This plugin does not need configurePlugin and onShapeChange to do anything, so they are no-ops:

int32_t PadPlugin::configurePlugin(DynamicPluginTensorDesc const* in, int32_t nbInputs, DynamicPluginTensorDesc const* out, int32_t nbOutputs) noexcept override
{
    return 0;
}

int32_t PadPlugin::onShapeChange(PluginTensorDesc const* in, int32_t nbInputs, PluginTensorDesc const* out, int32_t nbOutputs) noexcept override
{
    return 0;
}

Finally, the override PadPlugin::enqueue has to do the work. Since shapes are dynamic, enqueue is handed a PluginTensorDesc that describes each input and output’s dimensions, type, and format.

int32_t enqueue(PluginTensorDesc const* inputDesc, PluginTensorDesc const* outputDesc, void const* const* inputs,
        void* const* outputs, void* workspace, cudaStream_t stream) noexcept override
{
    // populate outputs and return status code
}

Example: Adding a Custom Layer with Data-Dependent and Shape Input-Dependent Shapes Using C++#

This section shows an example of a plugin with data-dependent and shape-input-dependent shapes. Note that data-dependent output shapes and adding shape inputs to a plugin are new features not present in V2 plugins.

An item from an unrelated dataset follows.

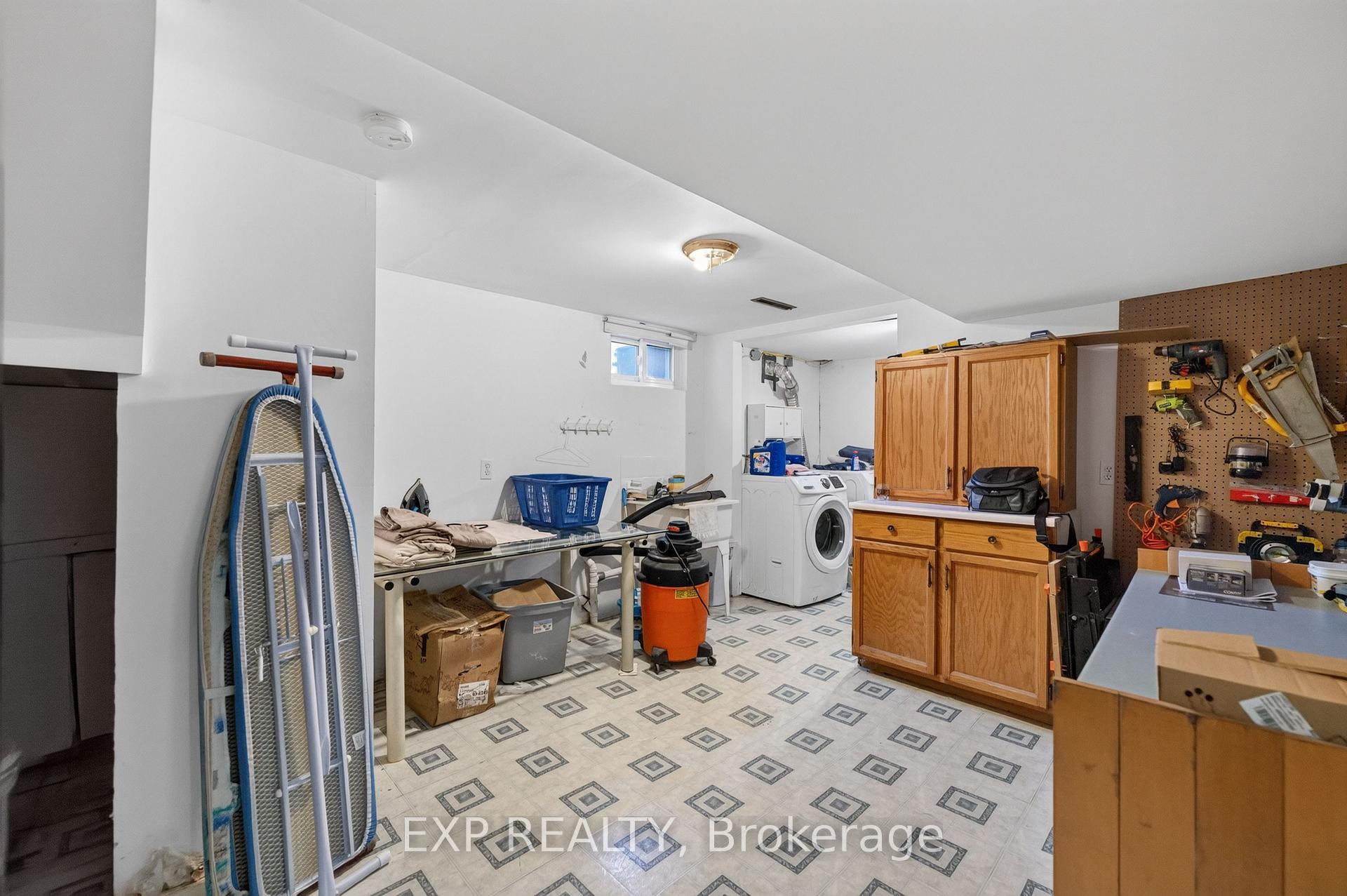Photo 33 of 7040 Warden Avenue, Niagara Falls, Arad/Fallsview — HOMEH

Data-dependent Shapes (DDS): The shape of a plugin output could depend on the values of the input tensors.
Shape inputs: A plugin could accept shape and device tensor inputs. These inputs are only visible to the plugin as arguments to IPluginV3OneBuild::getOutputShapes(). Therefore, their sole purpose is to aid the plugin in performing output shape calculations.

For example, BarPlugin is a plugin with one device input X, one shape input S, and an output Y, where:

The first dimension of Y depends on the value of S.
The second dimension of Y is static.
The third dimension of Y depends on the shape of X.
The fourth dimension of Y is data-dependent.

Similar to PadPlugin in the prior example, BarPlugin uses multiple inheritance.

To add the plugin to the network, INetworkDefinition::addPluginV3 (C++, Python) can be used similarly. After the device tensor inputs, addPluginV3 takes two additional arguments to specify the shape tensor inputs.

std::vector<ITensor*> inputs{X};
std::vector<ITensor*> shapeInputs{S};

auto pluginLayer = network->addPluginV3(inputs.data(), inputs.size(), shapeInputs.data(), shapeInputs.size(), *plugin);

Note

The TensorRT ONNX parser provides an inbuilt feature to pass shape inputs to custom ops supported by IPluginV3-based plugins. The indices of the inputs to be interpreted as shape inputs must be indicated by a node attribute named tensorrt_plugin_shape_input_indices as a list of integers. For example, if the custom op has four inputs and the second and fourth inputs should be passed as shape inputs to the plugin, add a node attribute named tensorrt_plugin_shape_input_indices of type onnx.AttributeProto.ints containing the value [1, 3].

In the override for getOutputShapes, plugins must declare both the position and the bounds of each data-dependent dimension of each output tensor. The bounds can be expressed using a special output called a size tensor.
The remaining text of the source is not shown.